Are all finite-dimensional algebras of a fixed dimension over a field isomorphic to one another?

Another very familiar example: $\mathbb{C}\neq\mathbb{R}\times \mathbb{R}$. The complex numbers are a field, but $(1,0)(0,1)=(0,0)$ in $\mathbb{R}\times \mathbb{R}$, so it has non-trivial zero-divisors.

They will not necessarily be isomorphic. Consider $V = \mathbb F[x] / (x^n)$ and $W = \mathbb F^n$ with componentwise multiplication.These are both $n$ dimensional $\mathbb F$ algebras. However, $V$ contains a nilpotent element, $x$, whereas $W$ contains no nilpotent elements.

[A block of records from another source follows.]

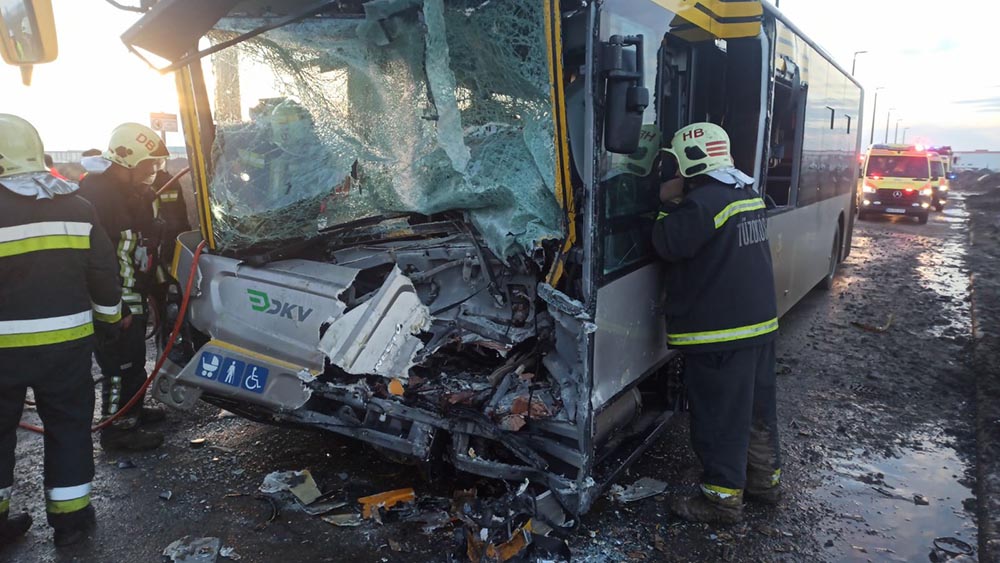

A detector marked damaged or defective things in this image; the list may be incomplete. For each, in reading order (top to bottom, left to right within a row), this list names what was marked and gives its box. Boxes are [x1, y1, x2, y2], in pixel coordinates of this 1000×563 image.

torn metal sheet [320, 268, 430, 382]
shattered windshield [205, 0, 564, 258]
wrecked bus [113, 0, 864, 516]
torn metal sheet [163, 536, 222, 563]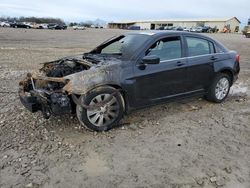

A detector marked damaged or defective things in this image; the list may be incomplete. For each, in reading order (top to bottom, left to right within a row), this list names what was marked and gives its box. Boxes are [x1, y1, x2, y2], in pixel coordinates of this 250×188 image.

damaged windshield [89, 33, 149, 58]
fire-damaged hood [33, 54, 123, 95]
burned sedan [18, 31, 239, 131]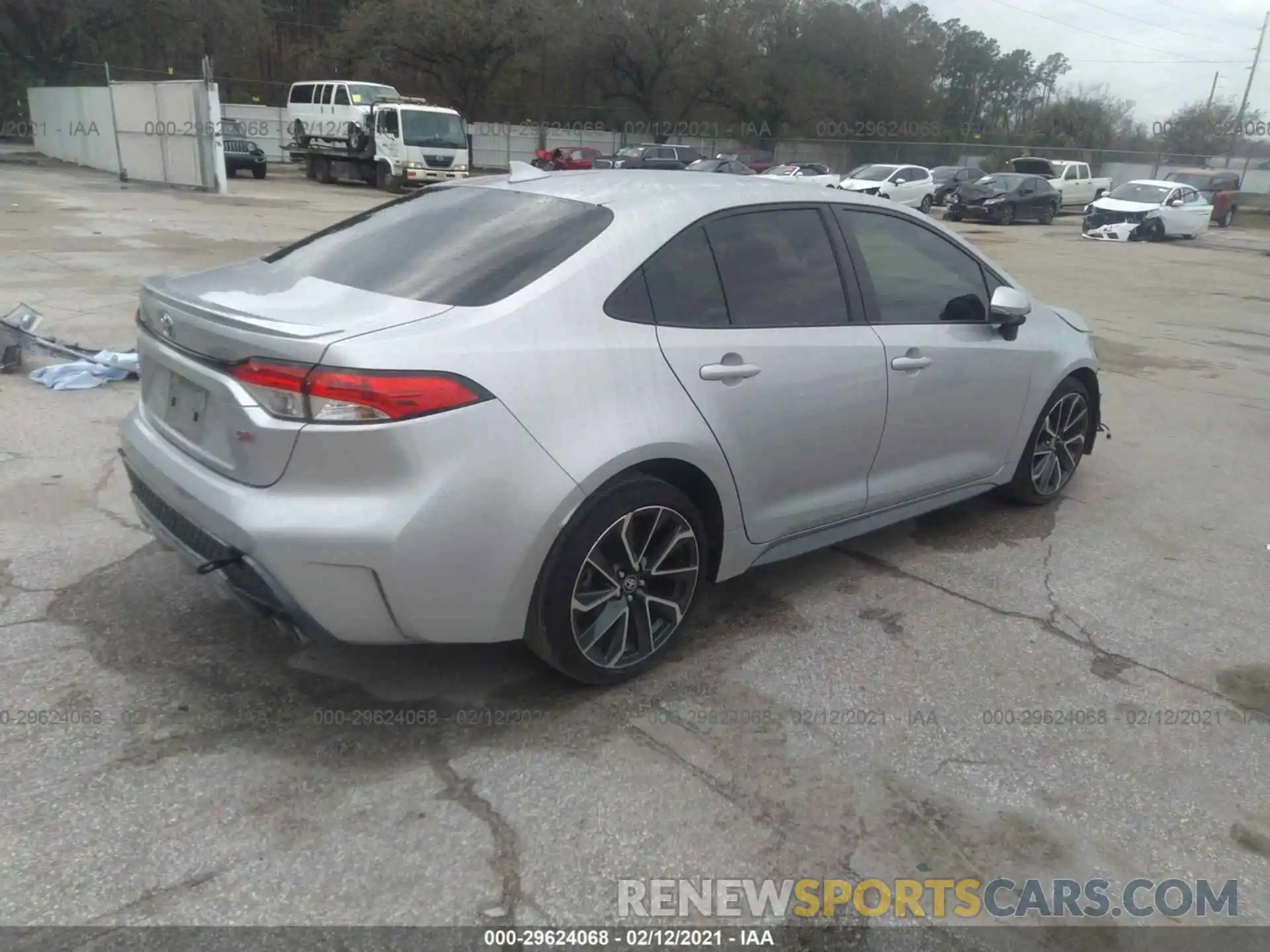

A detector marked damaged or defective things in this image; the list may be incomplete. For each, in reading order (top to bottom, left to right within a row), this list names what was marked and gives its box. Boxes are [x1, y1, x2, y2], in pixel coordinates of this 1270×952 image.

wrecked vehicle [1080, 180, 1212, 242]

Indeed, if we had an $\mathbb F$-algebra homomorphism $f: V \longrightarrow W$ then as $0 = f(x^n) = f(x)^n$, we'd need $f(x) = 0$ so any map between the two must have a nontrivial kernel.

In general, the answer is "no", even if one requires $V$ and $W$ to be fields.

For example, the rings $\mathbb{Q}(\sqrt{2})$ and $\mathbb{Q}(\sqrt{3})$ are two non-isomorphic fields that both have dimension $2$ over $\mathbb{Q}$.